Als Keyboarder interessierte mich vor allem natürlich Lehn, den ich noch nie gehört hatte. Also fotografierte ich gleich mal sein Setup für diesen Abend:

Thomas Lehns Setup für das Konzert am 21. August 2018 im studiobörne45. Links davon und nicht im Bild noch ein kleines Mischpult.

Nun, das sieht sehr stark nach Eigenbau aus (ein Synthesizer,der „Synthi“ heißt, wo gibt’s denn sowas?). Das schnuckelige, äh, Keyboard mit den aufgedruckten Tasten diente, das kam dann raus, auch als Touch- bzw. Wischpad, was die Ausdrucksmöglichkeiten des von Haus aus meiner Meinung nach für die Ästhetik handelsüblicher Improvisierter Musik komplett ungeeigneten monophonen Analogsynthesizers (mA) entscheidend verbessert.
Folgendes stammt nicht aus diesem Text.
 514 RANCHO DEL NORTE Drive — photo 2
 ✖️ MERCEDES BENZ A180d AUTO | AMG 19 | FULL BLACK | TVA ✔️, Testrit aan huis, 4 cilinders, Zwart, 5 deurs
Womit wir beim Thema wären: Wie kommt bzw. kam Thomas Lehn nur darauf, dieses sterilste und stumpfste aller Instrumente, den mA, in den Improv-Diskurs einbringen zu wollen? Und wie schaffte er es bloß, damit auch noch Erfolg zu haben?

Der mA ist natürlich nicht an sich steril und stumpf, für Musik à la Tangerine Dream, Klaus Schulze oder Mother Mallard’s Portable Masterpiece ist er ganz hervorragend geeignet, aber hört euch mal diese Musik im Vergleich zum Output Lehns an: man glaubt nicht, es (im Prinzip zumindest) mit dem gleichen Instrument zu tun zu haben!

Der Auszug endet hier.